RFR: 8372285: G1: Micro-optimize x86 barrier code

Fri Nov 21 09:56:57 UTC 2025

On Fri, 21 Nov 2025 09:45:54 GMT, Thomas Schatzl <tschatzl at openjdk.org> wrote:

>> We know from [JDK-8372284](https://bugs.openjdk.org/browse/JDK-8372284) that G1 C2 stubs can take ~10% of total instructions. So minor optimizations in hand-written assembly pay off for code density. This PR does a little x86-specific polishing: `testptr` where possible, short forward branches where possible. I rewired some code to make it abundantly clear the branches in question are short. It also makes clear that lots of the affected methods are essentially fall-through.
>> 
>> The patch is deliberately on simpler side, so we can backport it to 25u, if need arises.
>> 
>> Additional testing:
>>  - [x] Linux x86_64 server fastdebug, `tier1`
>>  - [ ]  Linux x86_64 server fastdebug, `all`
>
> src/hotspot/cpu/x86/gc/g1/g1BarrierSetAssembler_x86.cpp line 131:
> 
>> 129:   __ cmpptr(addr, count);
>> 130:   __ jcc(Assembler::belowEqual, loop);
>> 131:   __ jmpb(done);
> 
> Not related to this line, but for `jcc` there is also a `jccb` variant that could be used (line 121); you actually used it in other code. Since these short jumps have a signed displacement, they can also be used for backward jumps. (E.g. in below `__jmp(next_card)`, but maybe I'm overlooking something.
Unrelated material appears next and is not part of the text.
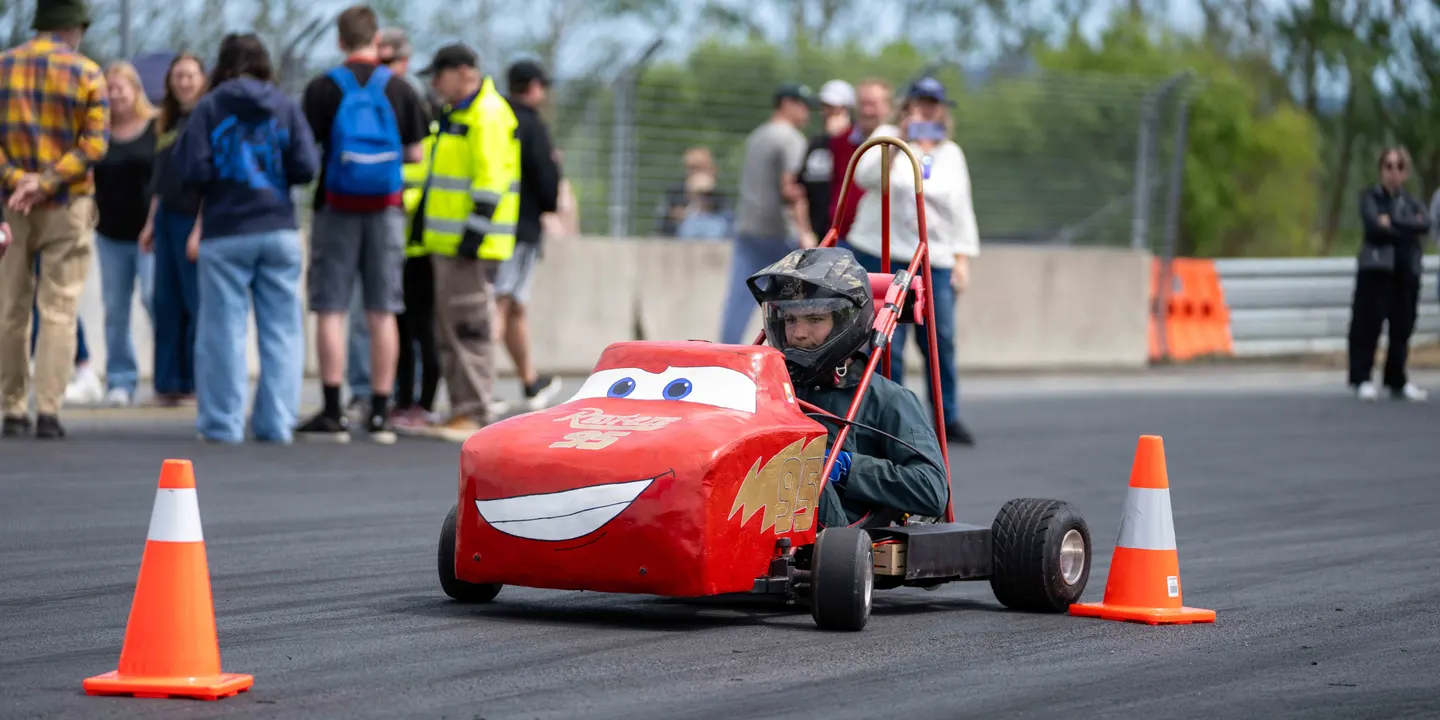 EVolocity Auckland Pre-Scrutineering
Backward jumps are actually shortened automatically, because assembler knows when their offset is small. Only forward branches need this special (forward-looking) treatment: assembler has no advanced knowledge the jump can be short, so we have to tell it. This is our SOP: rely on automatic shortening where possible for backward branches, shorten the forward branches where it is obvious. 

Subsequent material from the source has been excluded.